Девяностые закончились быстро, в 1998-м, и Россия (точнее – Москва, претендующая, правда, на то, чтобы быть Россией), переживавшая в девяностые сразу и шестидесятые, и семидесятые, и восьмидесятые модернизма XX века, от которого она была изолирована, протрезвела и несколько притормозила. Там, что мы Западом зовем, счастливый карнавал модернизма, начатый вечеринками Уорхола, закончился в 1991-м Войной в заливе, когда под страшной угрозой СПИДа сексуальная революция оказалась затянутой в презерватив и в презерватив постепенно затягивалось все, любая радикальность: характерным стал оксюморон «статусный радикал» – у нас таких теперь тоже пруд пруди. Притормозил и Пиганов, замолчал надолго, а в 2005-м разразился «Томом вторым», от первого отличным. «Том второй» – выставка в Музее архитектуры им. Щусева, и состояла она сплошь из мебели, то есть из предметов утилитарных, а не каких-то коллажей-монтажей, хотя и декоративно-красочных, при этом напичканных аллюзиями на всякую культуру и красоту. Одни названия чего стоят: кабинет «Веласкес», консоль «Свадьба Альдобрандини», столик «Мыло Рафаэля», шкаф Фрейда. Все большое, устойчивое и увесистое – к основательности потянуло, как, впрочем, и всю Россию, и весь мир, несколько растерянно себя почувствовавший после трех нулей и сентябрьских Башен.
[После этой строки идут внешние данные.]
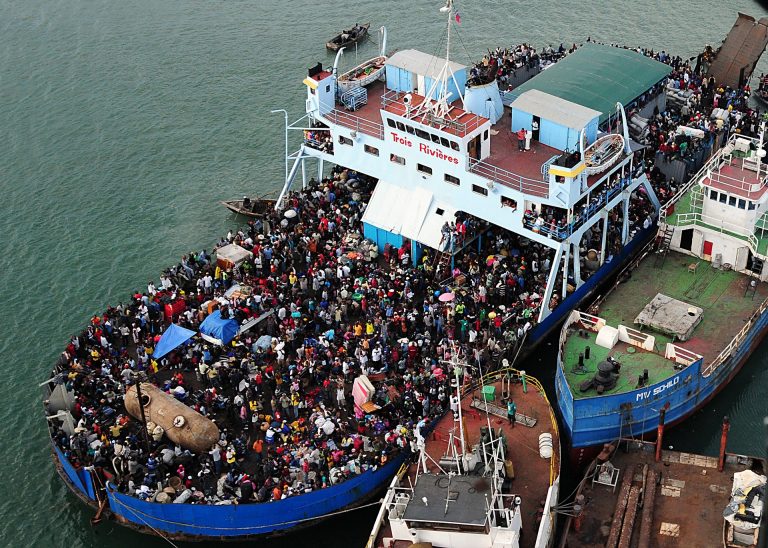 Excesso de passageiros em barcos no Amazonas é atentado à segurança fluvial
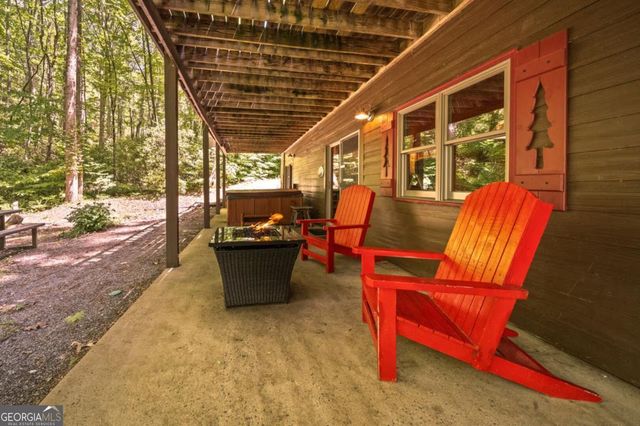 469 North Lake Drive, Ellijay, GA 30536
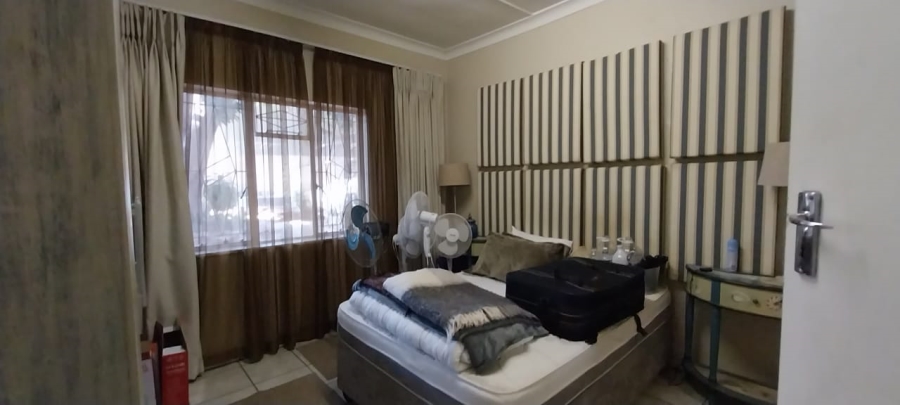 5 Bedroom Property for Sale in Annlin Gauteng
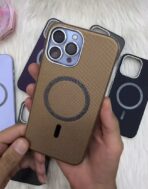 ⁦جراب  iPhone 12 Pro Max، جراب هاتف MagSafe من الجلد والسيليكون قوي مقاوم للصدمات، جراب نحيف للغاية مع بطانة داخلية لمنع ظهر هاتفك من الخدوش، يدعم الشحن اللاسلكي، حماية شديدة التحمل ومضاد للخدش⁩ - الصورة ⁦4⁩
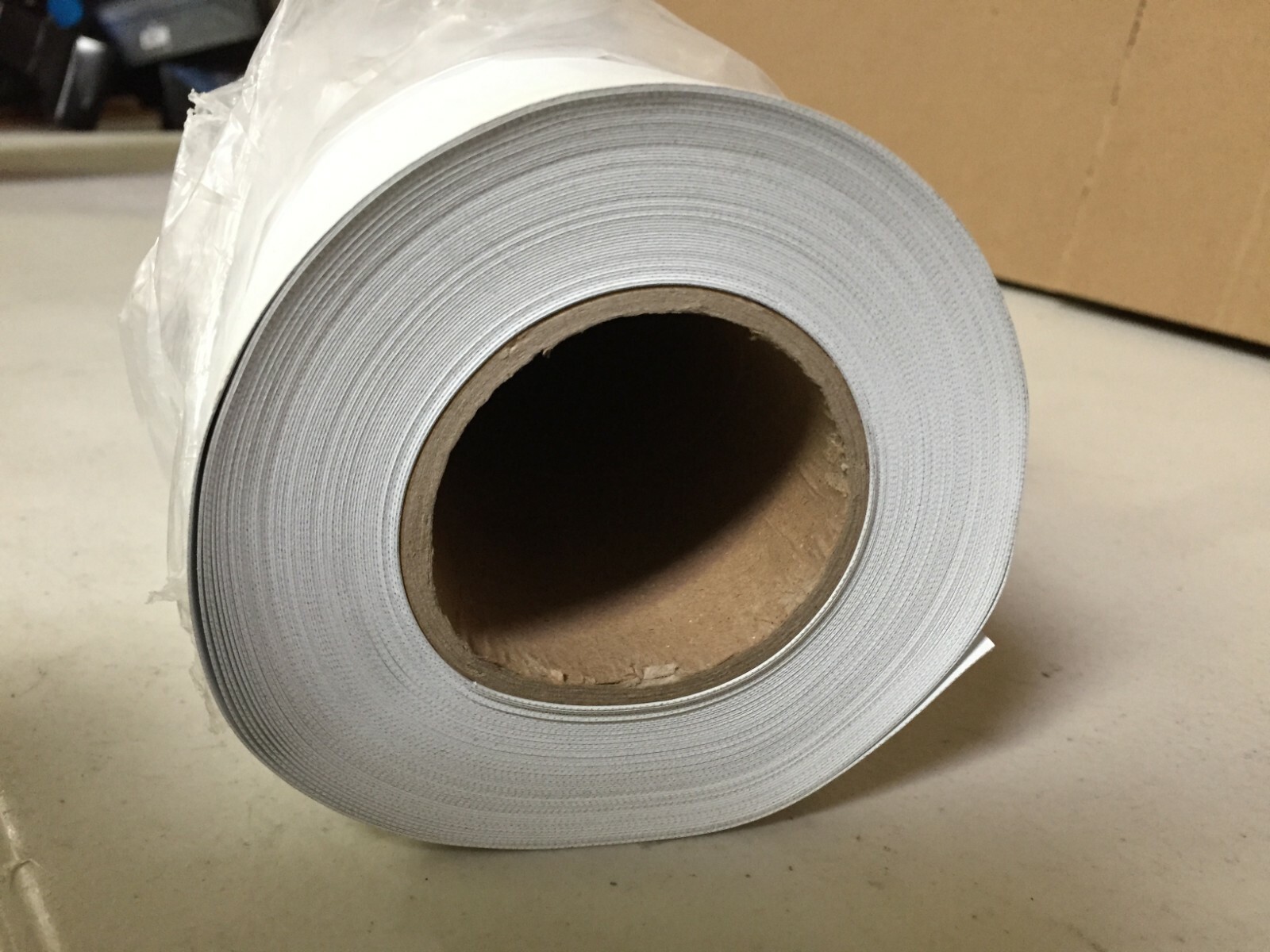 HP Q1899B 42″x50ft PVC Scrim Banner Paper *** See Photos*** P10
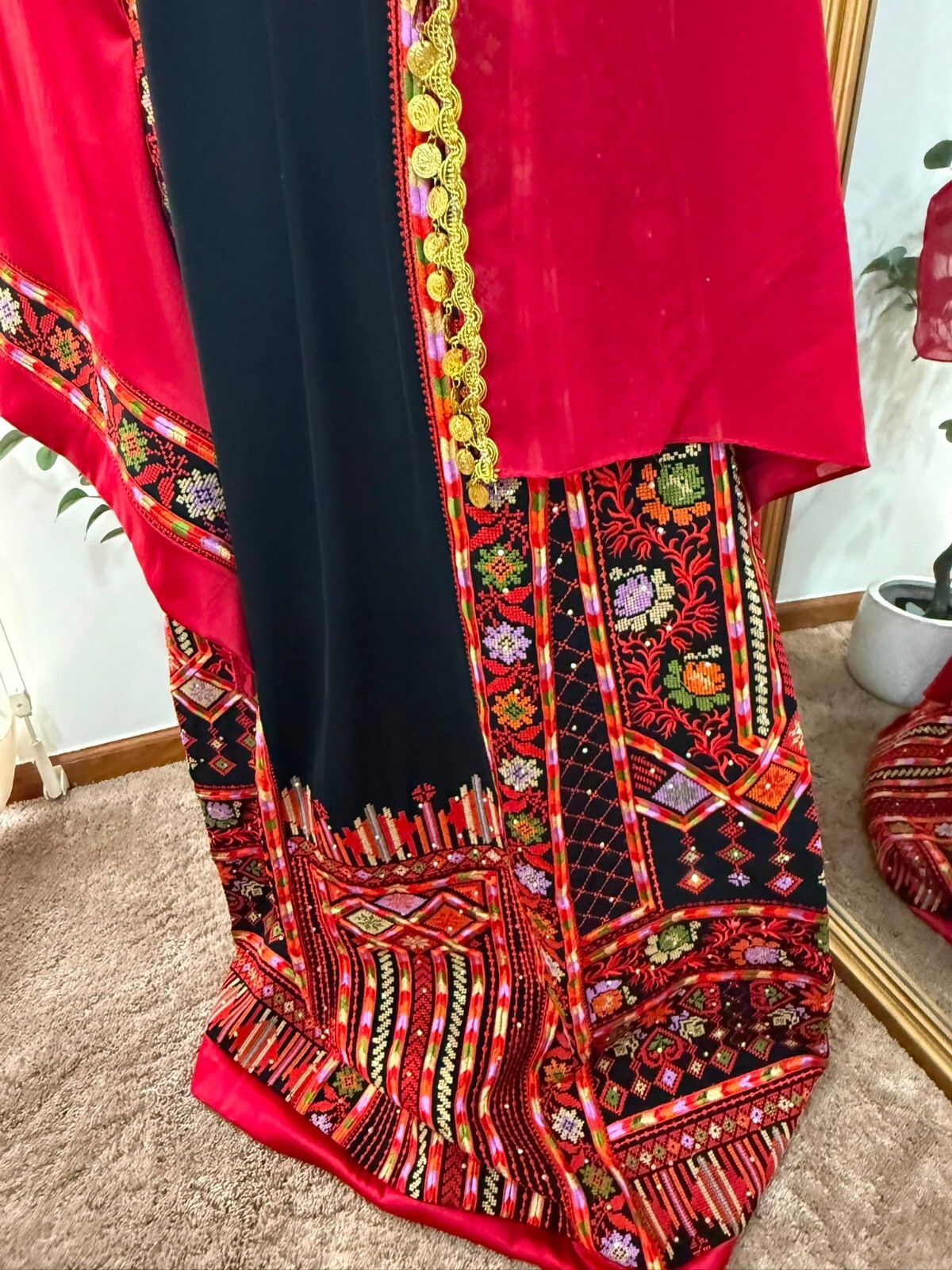 Red Henna Thobe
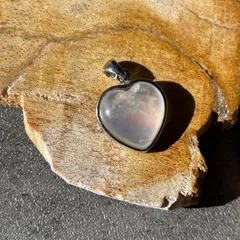 Moonstone ムーンストーン|ハートペンダントトップ|天然石　パワーストーン　鉱物　gem stone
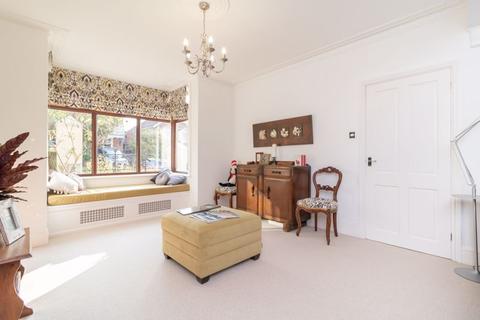 6 Highfield Road, Caterham, CR3 6QX
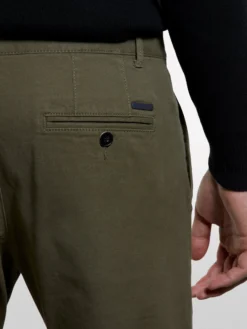 Pantaloni chino verde oliva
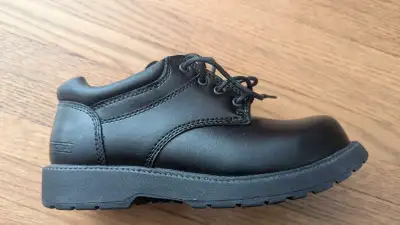 New in box, a few years old, never worn. Box says "non-safety toe", it's some other hard material ov...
«Том третий», образуя с предыдущими выставками своего рода трилогию, на них совсем не похож. Это рассуждение о Прошлом с большой буквы, вызванное очень личным переживанием: смертью отца. Воспоминания, материализованные в фотографиях предметов, рассыпаны, как хлебные крошки Мальчика с пальчик, отмечая путь от нашего дома, то есть настоящего, где мы есть, в будущее, где мы станем прошлым и где нас уже не будет. Это будущее – темный лес, вернуться из которого можно только по тропинке, отмеченной крошками-фотографиями, опредмеченными воспоминаниями. И мы – вместе с Ильей – уже в нем, в этом лесу, заблудились и пытаемся вернуться домой, ведь прошлое – всегда дом.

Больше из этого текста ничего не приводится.